001614 - Biological Sensitization Patterns in Suspected Egg Allergy in Tunisia : A Real-Life Laboratory-Based Study
Background
Egg allergy is one of the most common food allergies and is mainly IgE-mediated. In routine clinical practice in Tunisia, diagnosis is frequently based on clinical history, while skin prick-to-prick testing is inconsistently performed. Data describing the biological sensitization profiles of patients investigated for egg allergy in this context remain limited.This study aims to describe the biological sensitization profile of patients referred for suspected egg allergy in Tunisia, in a real-life setting largely driven by clinical history.
Method
We conducted a retrospective descriptive study including patients referred to the Institut Pasteur de Tunis between January 2022 and December 2025 for suspected egg allergy. Serum-specific IgE to whole egg and egg components was measured using the ImmunoCAP® system. Component-resolved diagnostics (ovomucoid f233 and ovalbumin f232) were performed in selected cases according to clinical indication.
Results
A total of 163 patients were included (mean age 36 years, range 5 months–73 years; male-to-female ratio 1.4). Specific IgE to egg white (f1) was assessed in 156 patients and was positive in 97 cases (62.2%). Molecular diagnostics were performed in 43 patients. Ovomucoid-specific IgE (f233) was positive in 11 of 12 tested patients, while ovalbumin-specific IgE (f232) was positive in 1 of 4 tested patients.

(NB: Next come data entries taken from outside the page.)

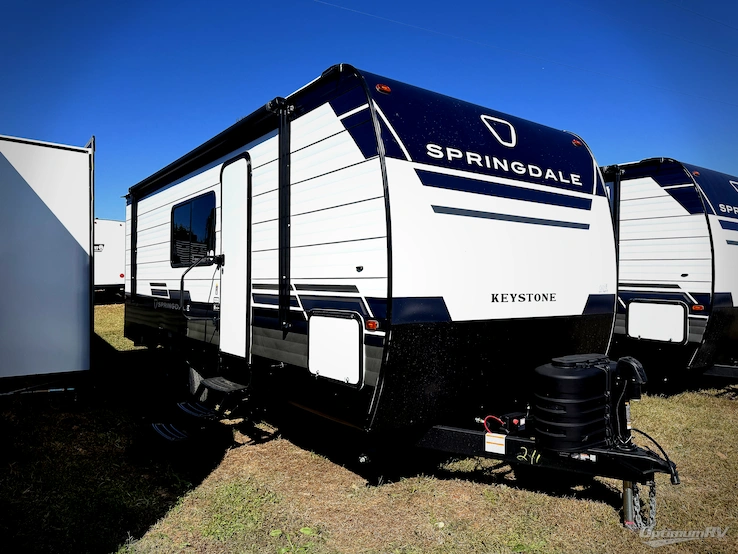 2026 Keystone Springdale Classic 224MLC RV Photo 1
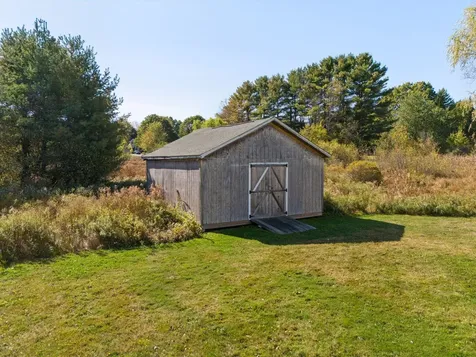 35 Longmeadow Drive Gorham ME 04038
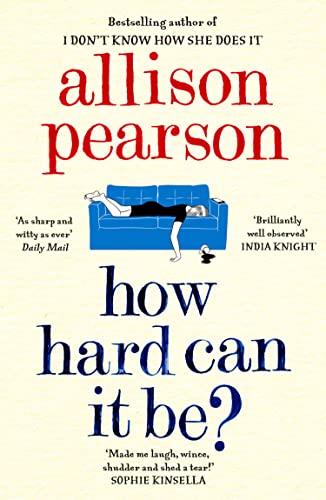 How Hard Can It Be? von Harper Collins Publ. UK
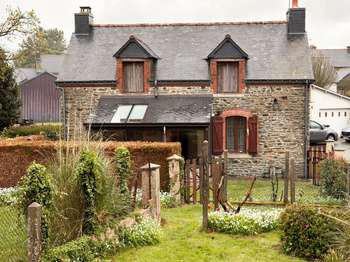 Vente maison 3 pièces Plumieux 22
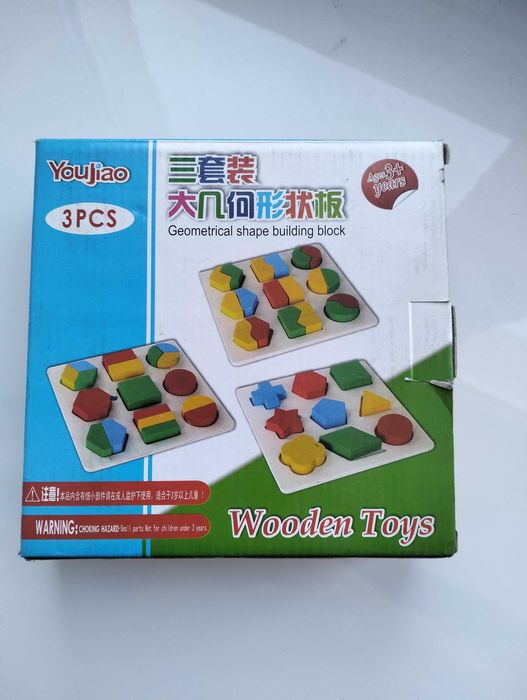 Продам пазлы разные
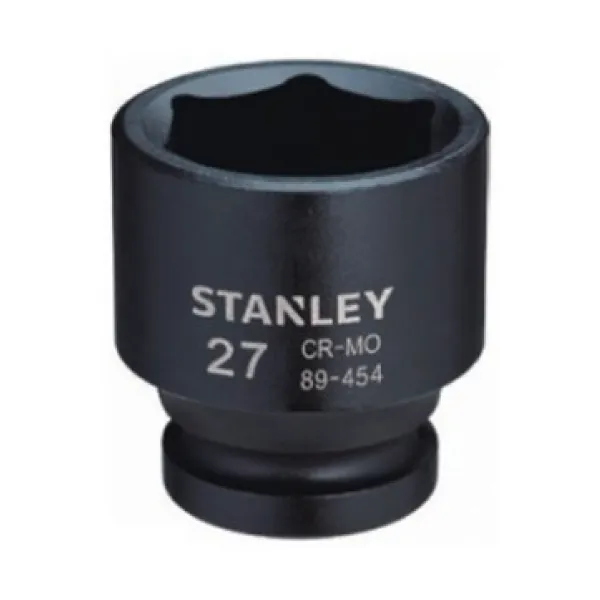 Đầu khẩu 1/2'' 32mm Stanley STMT89458-8B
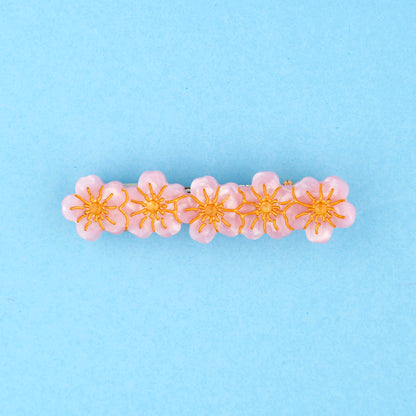 Sakura Hair Clip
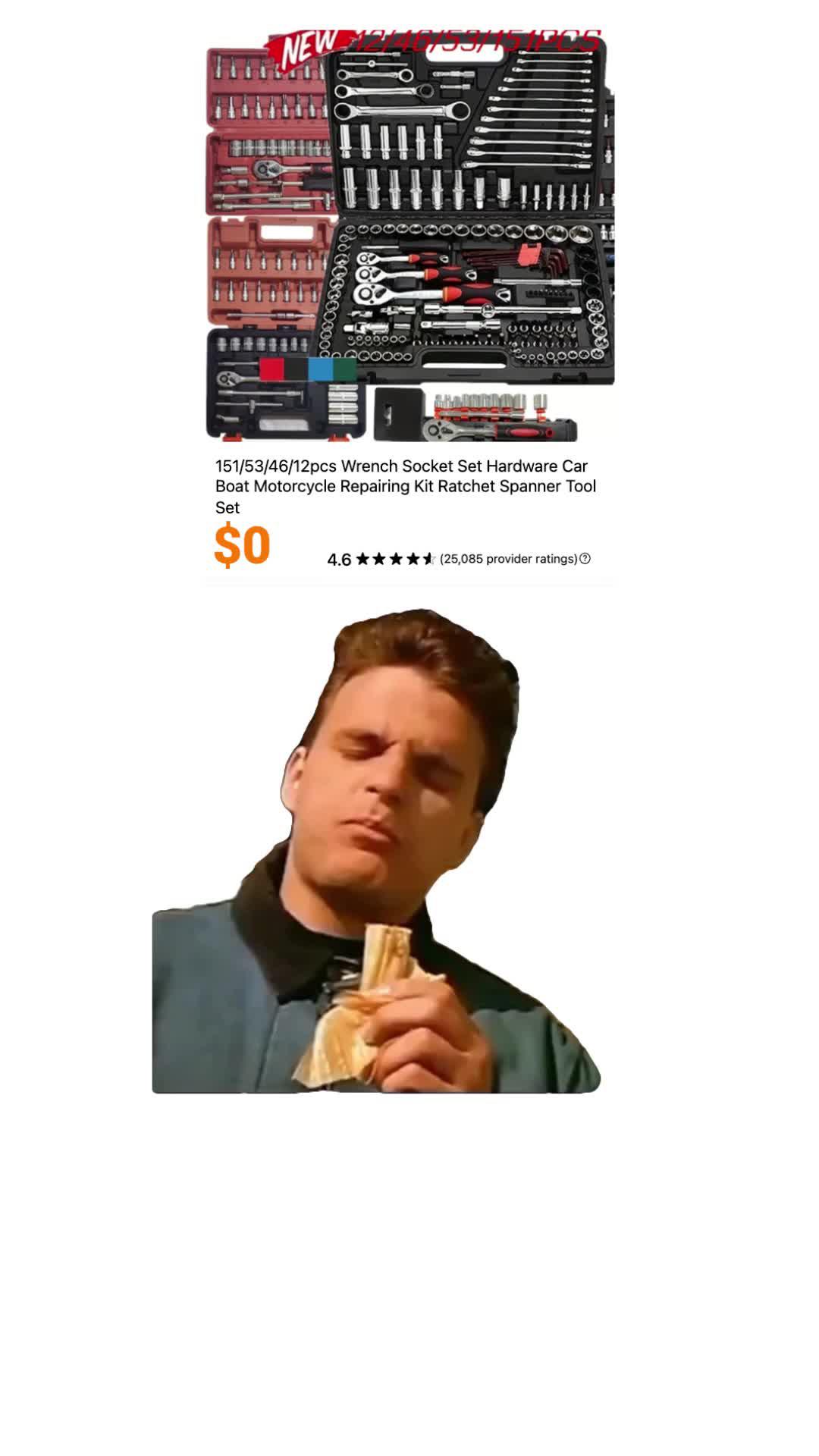 🆓FREE GIFT!!!! $0 Temu Haul!!!❤️⚡🎁 You can get this item for free now!!! Click the card to get your gift today! Free shipping & Free returns 🚛⚡ *Only for new app users with qualifying orders #Temu #zerotemuhaul #shopwithme #tryonhaul #freetemuhaul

Combined component analysis in 27 patients identified four sensitization profiles: dual sensitization to f233 and f232 (n=13), isolated f233 sensitization (n=2), isolated f232 sensitization (n=5, all with positive f1), and absence of component sensitization (n=7, all with negative f1). Specific IgE to egg yolk (f75) was measured in 72 patients and was positive in 35 cases (48.6%). Associated food and respiratory sensitizations suggesting cross-reactivity were observed in several patients.
Conclusion
In this real-life Tunisian cohort, suspected egg allergy is predominantly associated with sensitization to egg white proteins, particularly ovomucoid. In a setting where diagnosis often relies on clinical history with non-standardized skin testing, biological assessment, especially component-resolved diagnostics, provides valuable complementary information to support diagnosis and management.